After thinking a bit about it, I agree that the library should define only positive args It's actually handled quite nicely in the hfArgumentParser, I noticed:
https://github.com/huggingface/transformers/blob/7ea9b2db3732904014b9121fb8a5c896ae00d4cf/src/transformers/hf_argparser.py#L70

This line means that if one adds a positive argument, such as inference and sets the default to True => then running --no-inference from the command-line (without any following argument) sets self.args.inference = False (no-inference is put as the command line argument, but args.inference is stored as False instead of args.no-inference). This is quite intuitive IMO, but we should also add a line in the --help description explaining the functionality.

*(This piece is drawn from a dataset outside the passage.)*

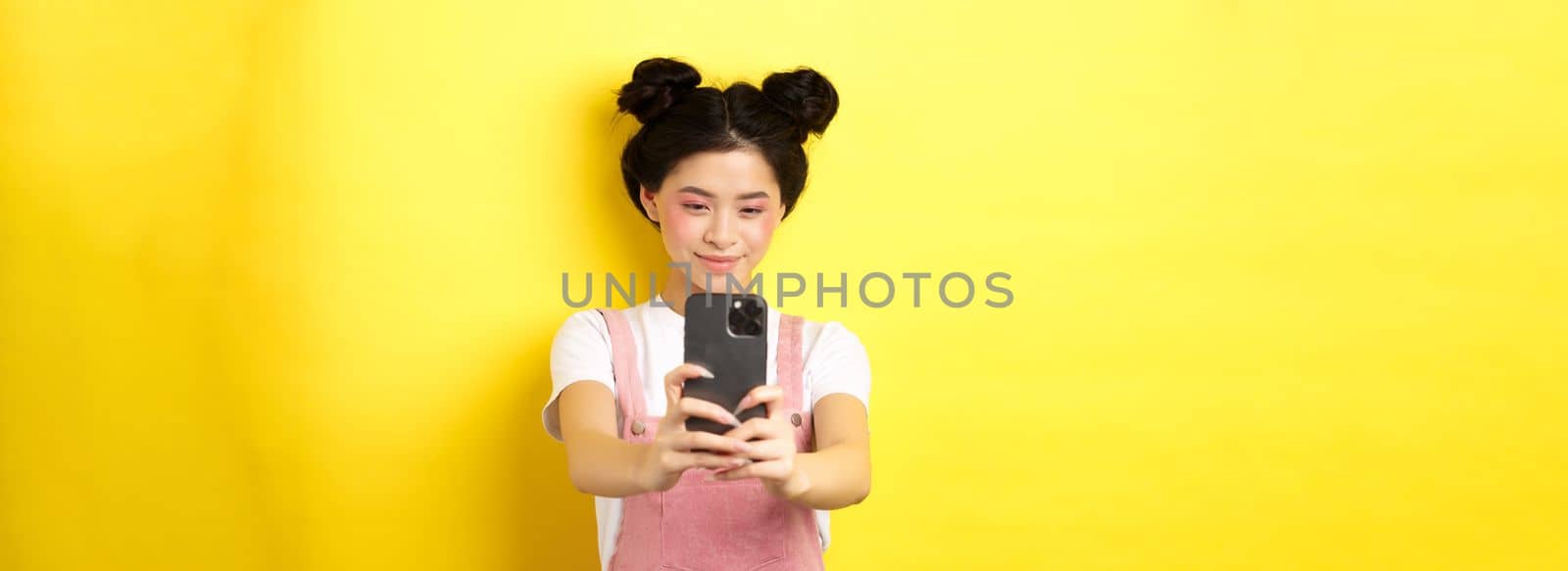 Stylish asian girl taking photo on smartphone, making video with cellphone and smiling, standing on yellow background.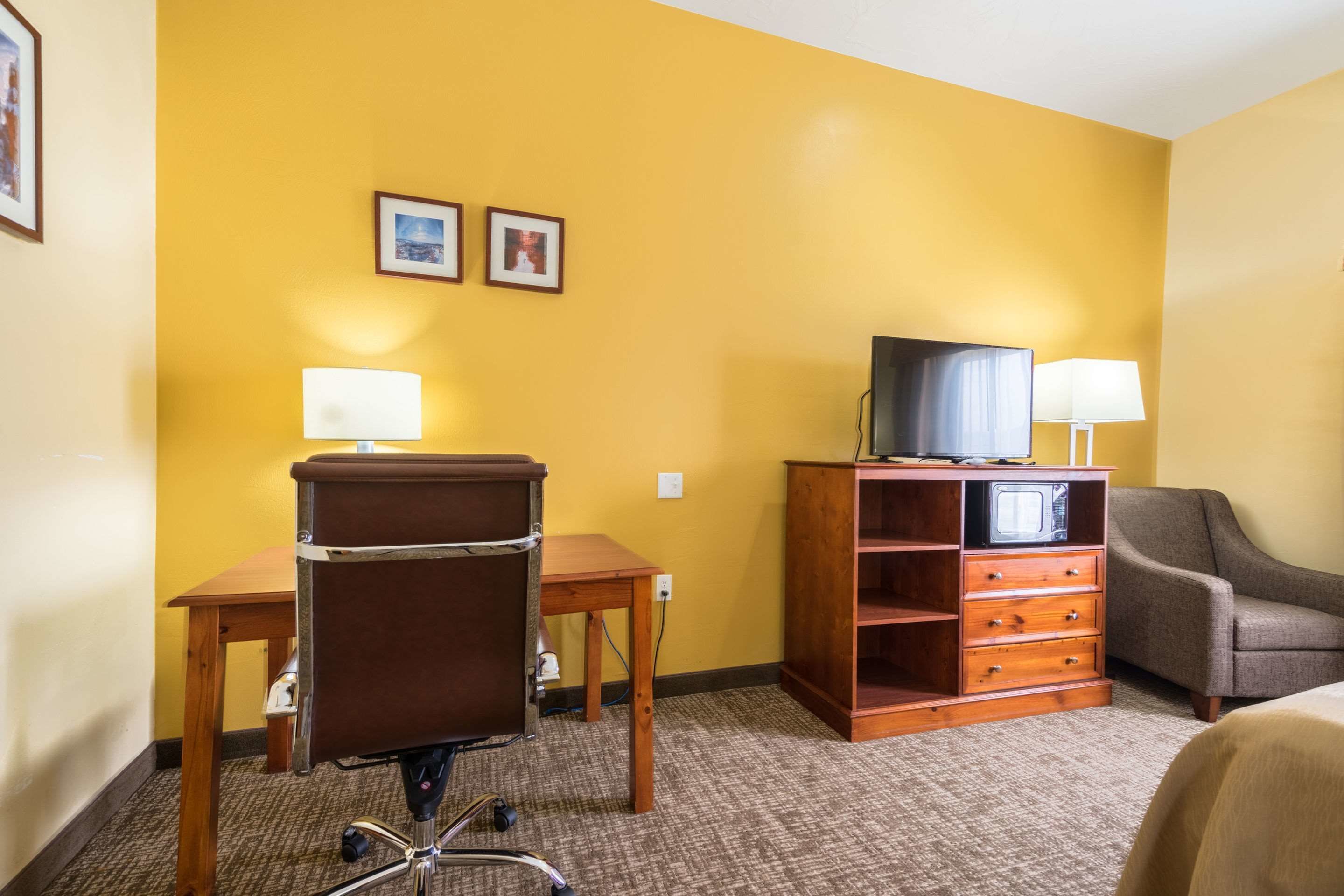 A hotel room with a brown desk, a brown office chair, a television on a wooden stand, a grey sofa, and two framed pictures on the wall.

So I think it would be great if we can make actually all args in the library consistent so that the name of all args is always positive -> there should be no args.no-<something>, e.g. args.no_inference used anywhere, but only args.inference. I think this concerns not only the benchmarking args, but also the data collator and training args.
Then we can add to the docs and in the helper descriptions that args that default to True can be disabled automatically via no-<name-of-arg>.

Thinking in terms of breaking backward compatibility, I think the arg names and the default values can still be changed, since people use it mostly via the command line and can easily adapt their code.

Looping in @julien-c @sgugger @LysandreJik @sshleifer to check if this "clean-up" is ok.

In a second step we can think about adding shortcuts for combinations of args for benchmarks I think.

patrickvonplaten on 4 Aug 2020

👍1

I agree that having only positive arguments would be clean, especially with regards to the double negatives which make the code less intuitive.

In terms of backwards-compatibility, I think it would be easy enough to do such a change without any breaking change. Similar to the line you linked @patrickvonplaten, the (previously) negative arguments can still be handled.

Shortcuts for combinations of args sounds like a very nice idea as well, but I agree with @patrickvonplaten that it can be handled in another PR.

LysandreJik on 4 Aug 2020

I also agree with everything @patrickvonplaten and @LysandreJik said. Positive arguments are easier to document and @stas00 point on the code readability is completely spot-on.

sgugger on 4 Aug 2020

I'm fine with the change.

I would only add that changing CLI requires a fair amount of manual care and testing because many bash scripts and README.md commands are not run by CI.

I think positive flags with action="store_true" like--inferenceare nice and would prefer not writing out=True` all the time for them. I don't feel that strongly, however.

sshleifer on 4 Aug 2020

👍2

Awesome, I guess if someone feels like it, we could start a PR for it :-)

patrickvonplaten on 6 Aug 2020

This issue has been automatically marked as stale because it has not had recent activity. It will be closed if no further activity occurs. Thank you for your contributions.